Audioboxer
Member
Honestly I'm not really sure why they pulled it. It's not as if those who felt insulted are going to suddenly start using the app now that they retracted it. The act was done, whatever intention they interpreted the developer to have is now entrenched.
From CEOs, to marketing, to HR, it will have been panic stations to decide how to stem the tide of racism accusations. The longer they go on and get written on respectable publications
https://gizmodo.com/faceapp-launches-digital-blackface-options-because-the-1797682556
https://www.theguardian.com/technol...rced-to-pull-racist-filters-digital-blackface
http://www.telegraph.co.uk/technolo...ks-racist-backlash-black-white-asian-filters/
https://www.washingtonpost.com/news...-react-to-their-new-change-your-race-filters/
http://money.cnn.com/2017/08/09/technology/faceapp-ethnicity-filter/index.html
The more the £££ might be impacted, especially through advertisers, and also your reputation goes in the tank as people read headlines saying "FaceApp is racist".

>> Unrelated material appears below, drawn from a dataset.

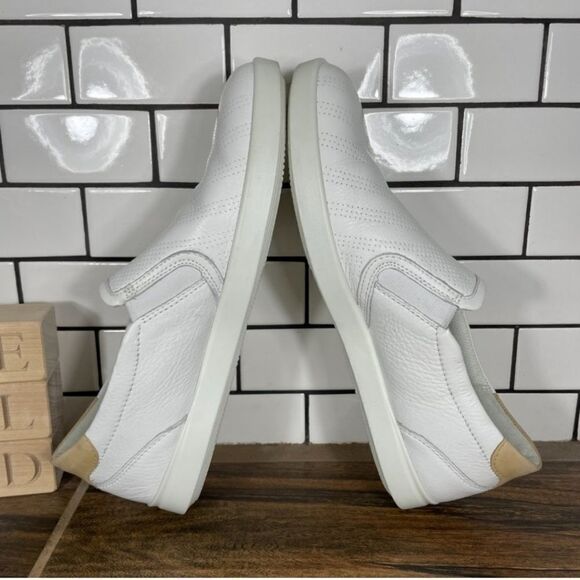 Ecco Leisure Womens Size 40/9.5, White Perforated Leather - Picture 11 of 14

I expect a full apology to be issued soon if it hasn't been already. It's just the usual way a company is going to handle this.
Within the accusations, I think some need to think about the intent within the app. It worked for all people, and it attempted to realistically alter faces. It wasn't some minstrel show that did this when you loaded up the filters at the mockery and expense of black people
They tried to highlight that
The company initially released a statement arguing that the ”ethnicity change filters" were ”designed to be equal in all aspects".

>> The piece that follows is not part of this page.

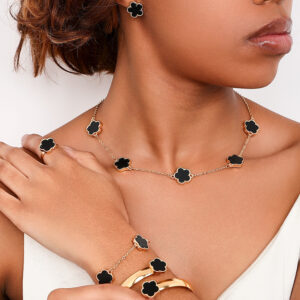 Wholesale 1 Set Fashion Temperament Metal New Five Leaf Clover Flower Bracelet Necklace Earrings Ring Jewelry suit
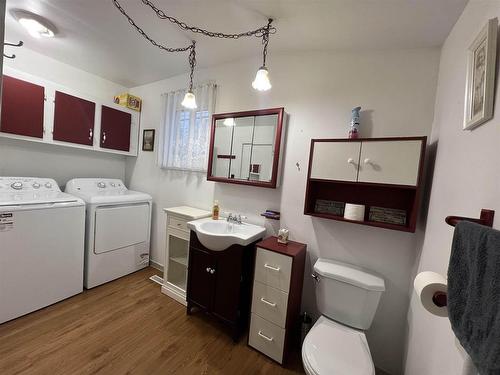 512 Armit Avenue, Fort Frances, ON - Indoor Photo Showing Laundry Room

”They don't have any positive or negative connotations associated with them," the company's chief executive Yaroslav Goncharov said. ”They are even represented by the same icon. In addition to that, the list of those filters is shuffled for every photo, so each user sees them in a different order."

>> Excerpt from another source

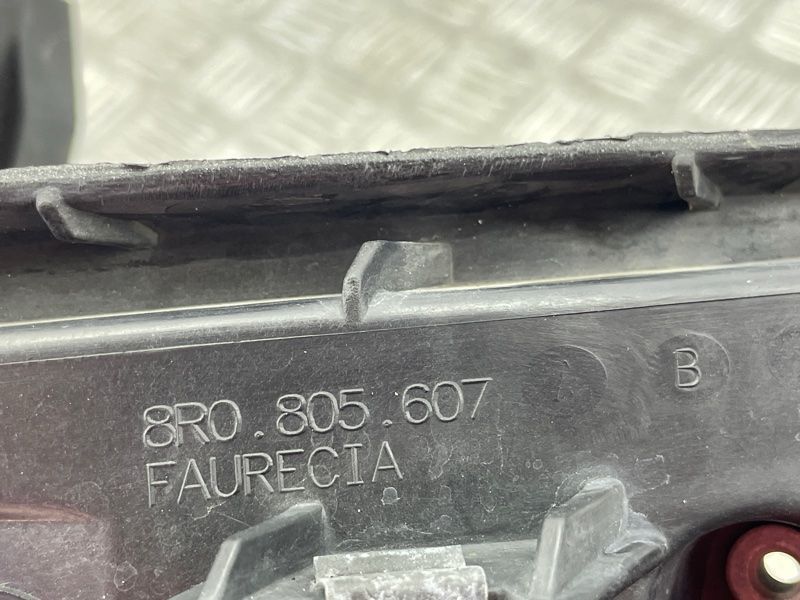 Кронштейн / Крепление фары 8R0805607B Audi Q5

As I said above (last page), probably a casualty of its times, being one of the first, free, quick and pretty realistic ways to do something like this for millions all at once. In that sense, you can maybe say the developers and owners were stupid to do what they did. Let someone else do it first (and take the backlash), but then again, that's not how it works in the tech industry. Usually, everyone wants to be first to show off the tech they have/are working on.